As some of you know who've read my prior posts, I have a solar powered home - no "street mains" power. I have been using a 12vdc battery bank to power my David Berning MicroZotl, which has a 12vdc power input. Very clean result. However, my Sony DVP-S9000ES SACD/CD/DVD player cannot use 12vdc power input, so I have been using my Trace power inverter to power that. It has been causing a low level "buzz" in my system. I have now found a new "perfect sine wave" inverter made by Studer-Revox that I have just ordered to see if this fixes the problem. It has toroidal transformers, MosFet outputs, and digital control circuit. It's made for powering portable audio/video recording equipment. Seems like a good bet. I will report on the performance of this product next week, after I take delivery of this unit. This could well be the answer to the mains problems that many are experiencing. I know that several high end mfrs. have known about the superiority of a battery powered system for years. Some have even produced some. The Berning I have works better, more efficiently and quieter on battery than on mains supply. If you have a normal mains supply, you can use a charger to keep the batteries full, and just unplug it when you listen, to keep the line noise out of your system. If I have the success I expect, I will give full details on what to do. The expense is no more than that of many of the power conditioners already on the market. Any comments or questions?
VERY interesting, Twl! I for one will look forward to your impressions with the new device.
On subject, I have toyed with the idea of using a very large battery supply unit, a model that's used in subs (the marine -- not audio -- version). I had been told (unverified) that such units can be had factory direct at around $1k... Cheers!
Greg, I'm not familiar with that type of battery that you mentioned, but I'd like to know about it. I am using a bank of 6 volt Trojan T-105 golf cart batteries in a series/parallel circuit that gives a 12 volt output. These are excellent batteries for this application. They are designed for deep cycling and frequent recharging, and they have a long life expectancy with <50% frequent discharge. They are about the same size as car batteries, but with a much heavier plate structure. They are 220 amp/hrs each. I design solar systems and know firsthand that they work very well over the long term in many customer's home systems that I have designed. One good thing about them is the size is manageable to transport by hand, and you can get the capacity you want by setting up a bank of them.
T, they're 110/230 V, 120 - 240 Amp rating, generator/ mains rechargeable. They have a limited life (¬ 12 months use) before a relatively cheap service is needed. They can output hi voltage (230V) and lower DC -- but only last about 12 hrs before recharge is necessary. They are extremely uncommodating and ugly. Purportedly, I would need three of these to keep my system from going hungry!

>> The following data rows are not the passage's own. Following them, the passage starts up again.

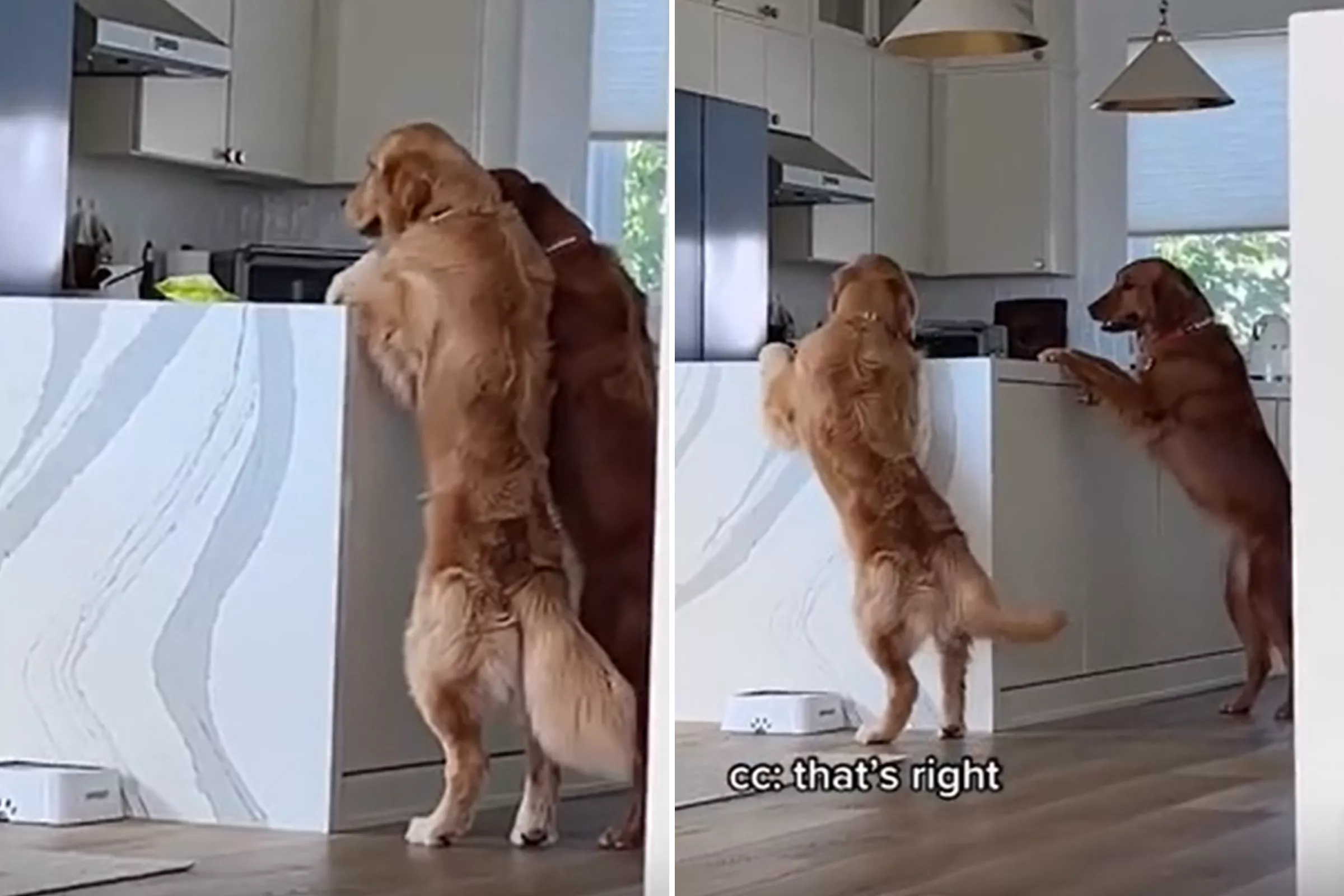 Golden Retrievers Work Together To Reach Kitchen Counter Treats: 'Teamwork' - Vimarsana News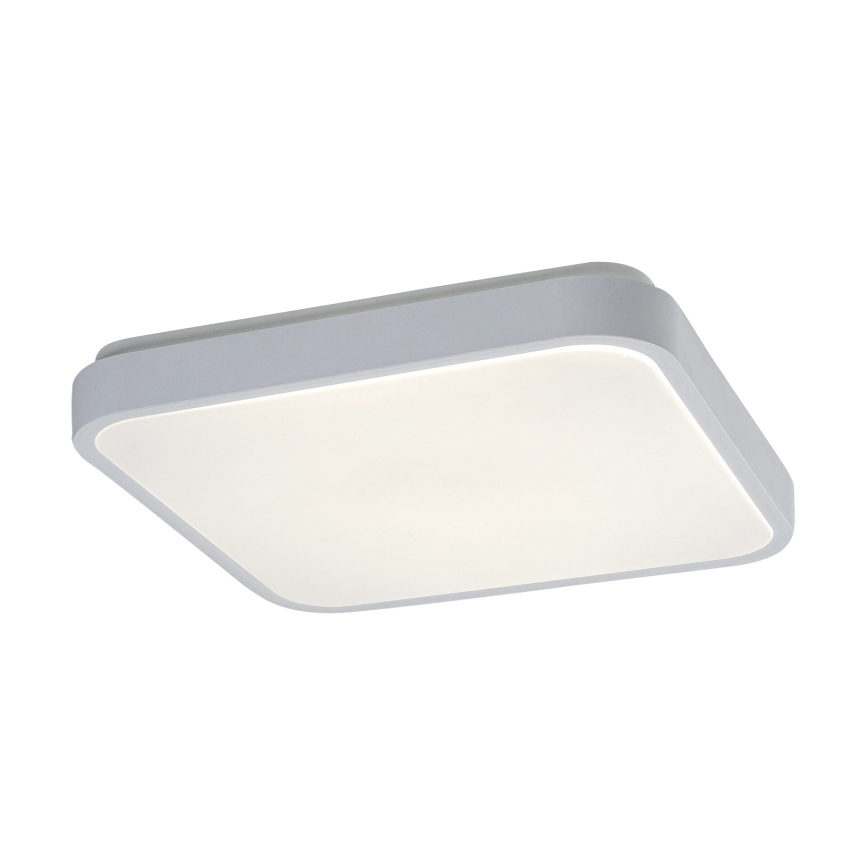 Rabalux - LED-kattovalaisin kylpyhuoneeseen anturilla LED/18W/230V 4000K IP44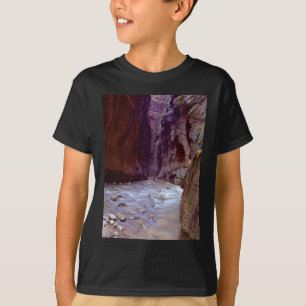 T-shirt Zion rétrécit le randonnée par la rivière dans
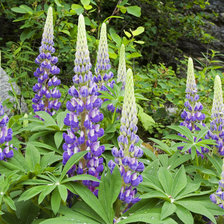 Схема вышивки «серия "цветы"»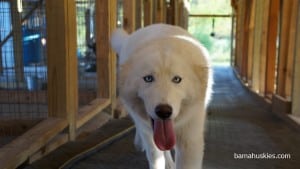 White huskies for sale Mississippii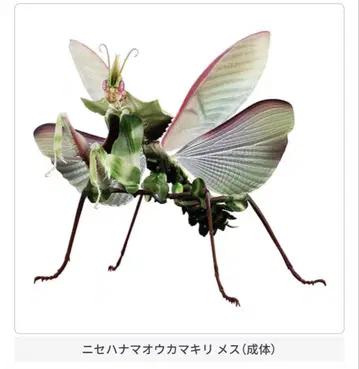 니세하마오카마키리 암컷 성체 생물대도감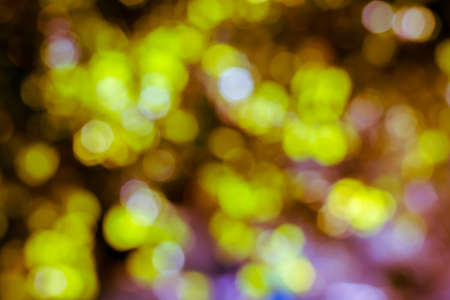Abstract bokeh background from nature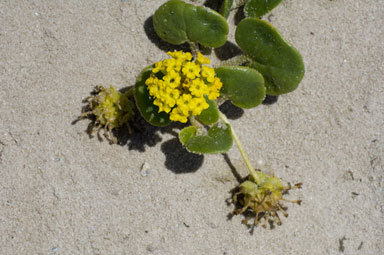 Image of coastal sand verbena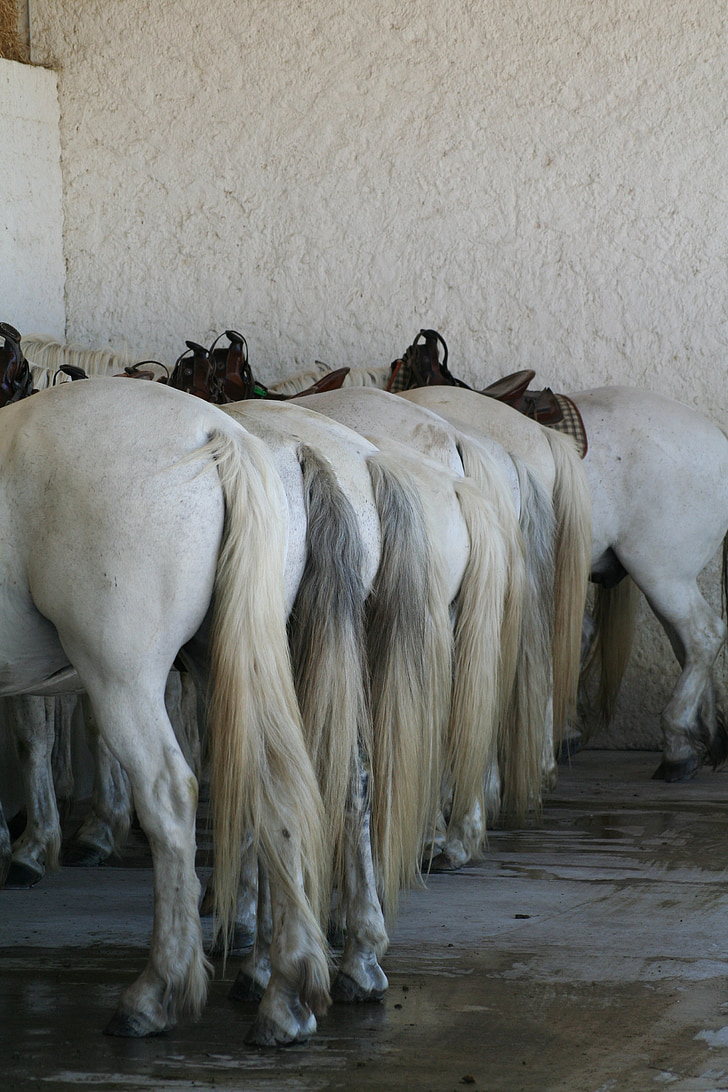 heste, Frankrig, Camargue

Solar power is fascinating; I met a crazy chap (ex Siemens) who's working on prismatic panels, accelerators, & accumulators to increase efficiency. He claims that he can improve the power generation from the usual 7% to around 35%... If you wish I could try and establish some link and you could exchange notes...
I'm mind-boggled with what you have achieved: living off solar power! Cheers!
Greg, the typical solar panel now provides about 13%-15% efficiency levels. The prisms, reflectors and such have all been tested for years now. The problem is the solar cell encapsulation materials can't handle the added heat of the additional reflected and focused light for long. It then yellows and loses efficiency. If you've ever used a solar reflector oven(I have), you'd know how hot the focused sunlight can get. My simple 2'x2' flat reflector oven reaches 400 degrees in 15 minutes. A large one would get to 600 or 700 degrees in just as short at time. So, it sounds good, but doesn't work in practice, yet. But, prices are coming down and the technology is tested and reliable. It is viable for small applications like this audio project and ham transmitters, as well as houses and cabins and RV's.
Interesting, T, thanks! The only solar power benefit I'm getting at the moment is hot water!